Write out exactly the lines between the line containing "[Demi jewelry]LUCKY BETWEEN THE FINGER RING" and the end of the records, counting both ends, and leave out all pictures.
☆ ☆ ☆
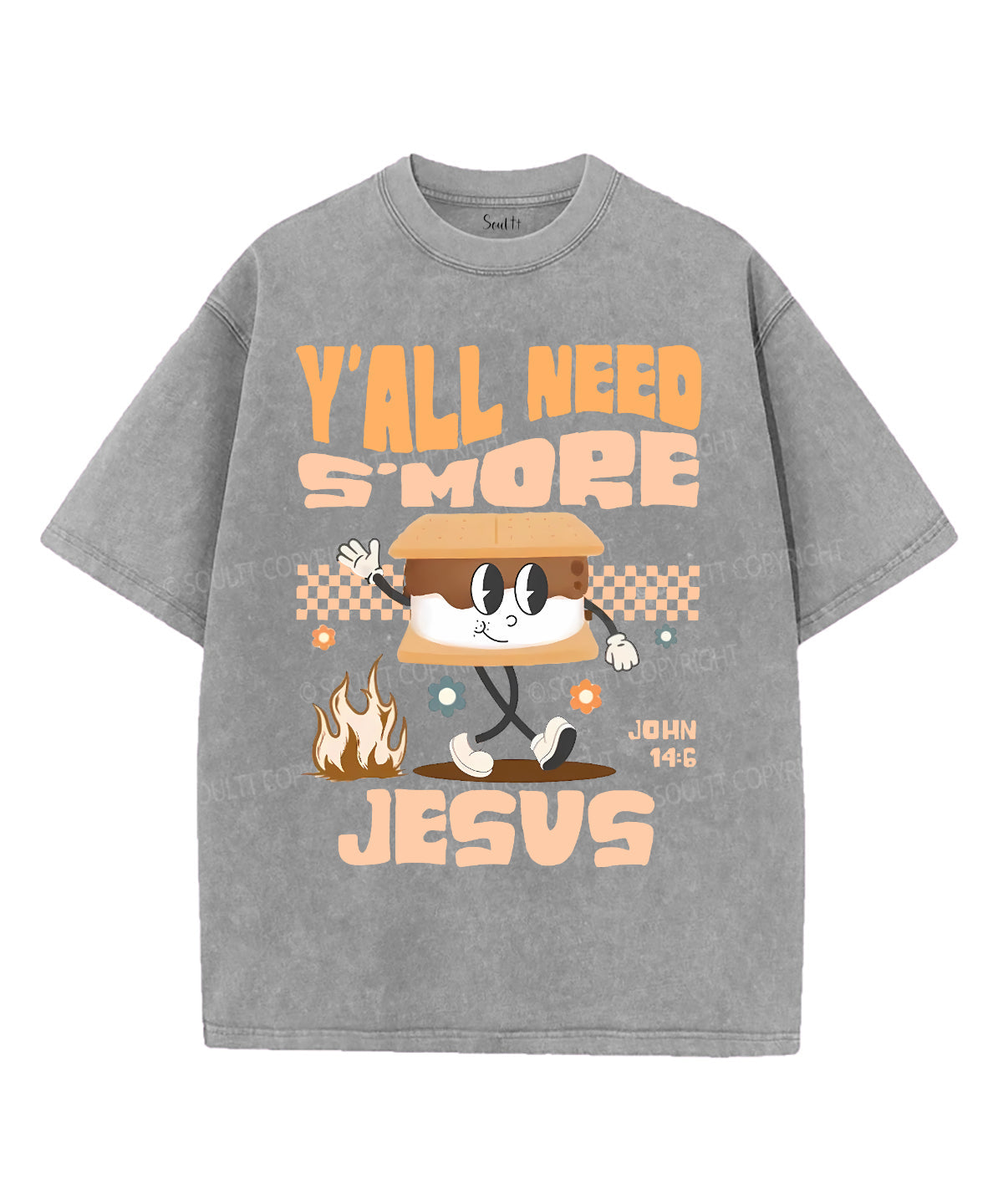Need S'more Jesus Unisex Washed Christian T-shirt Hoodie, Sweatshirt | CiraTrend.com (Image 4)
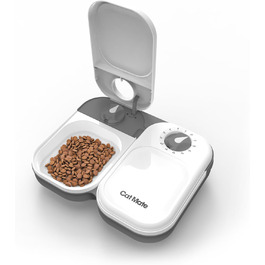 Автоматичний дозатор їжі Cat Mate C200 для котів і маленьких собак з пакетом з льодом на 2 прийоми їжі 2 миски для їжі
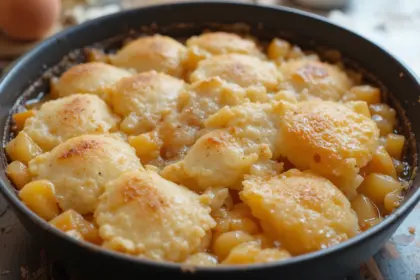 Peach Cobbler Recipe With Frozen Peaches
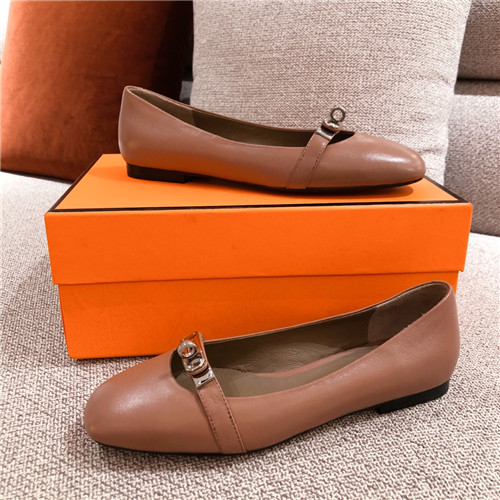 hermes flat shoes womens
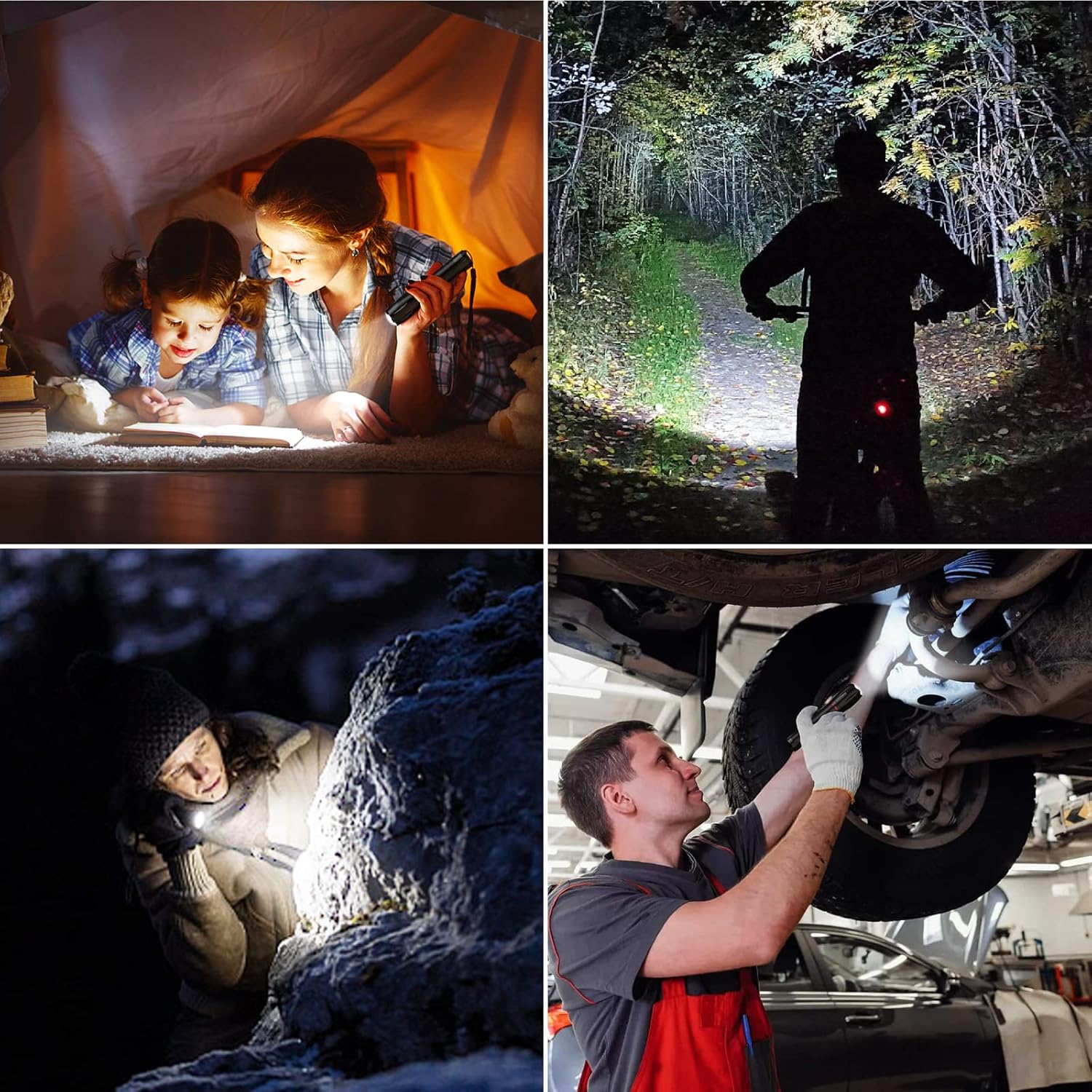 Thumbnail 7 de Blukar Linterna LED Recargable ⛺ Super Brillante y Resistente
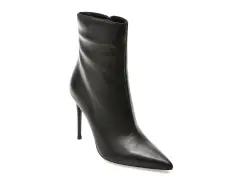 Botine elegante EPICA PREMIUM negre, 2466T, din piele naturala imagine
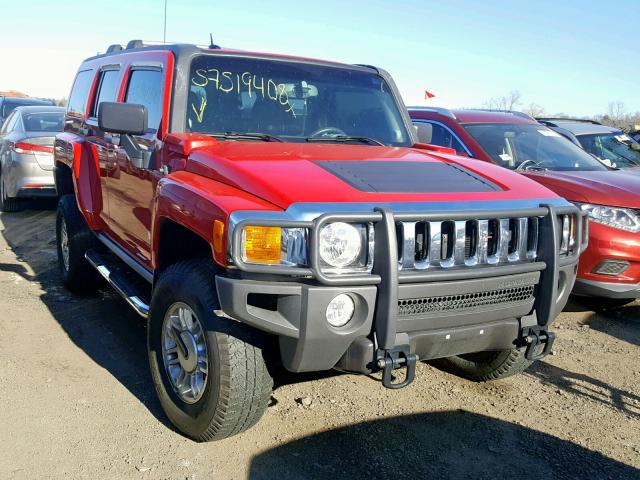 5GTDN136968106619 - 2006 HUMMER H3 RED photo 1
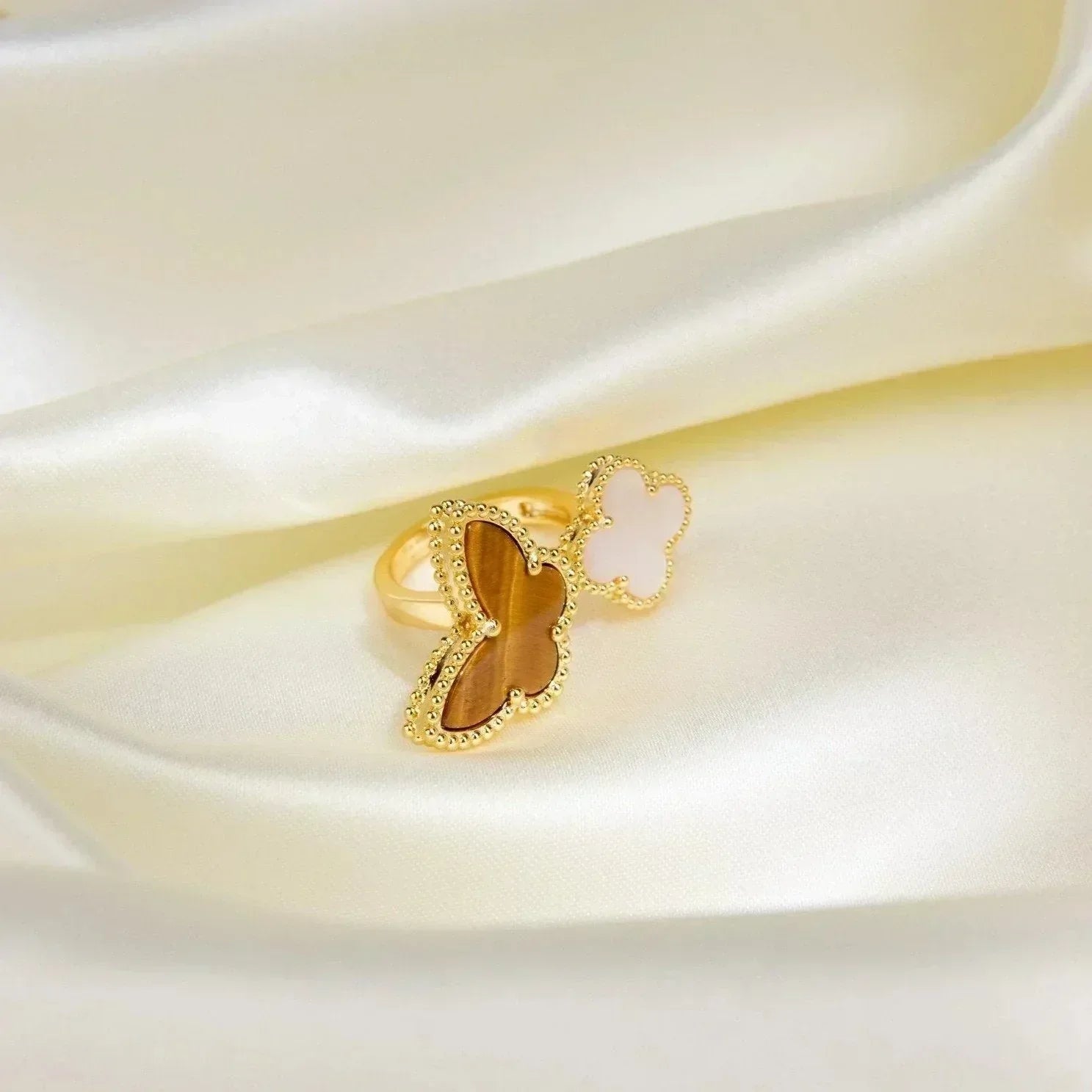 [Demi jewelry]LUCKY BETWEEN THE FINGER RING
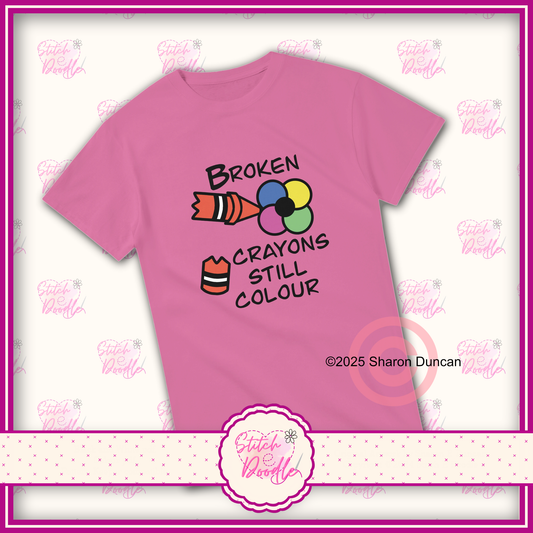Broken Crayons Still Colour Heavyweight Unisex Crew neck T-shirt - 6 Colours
☆ ☆ ☆
# ANSWER SECTION
 [Demi jewelry]LUCKY BETWEEN THE FINGER RING
Broken Crayons Still Colour Heavyweight Unisex Crew neck T-shirt - 6 Colours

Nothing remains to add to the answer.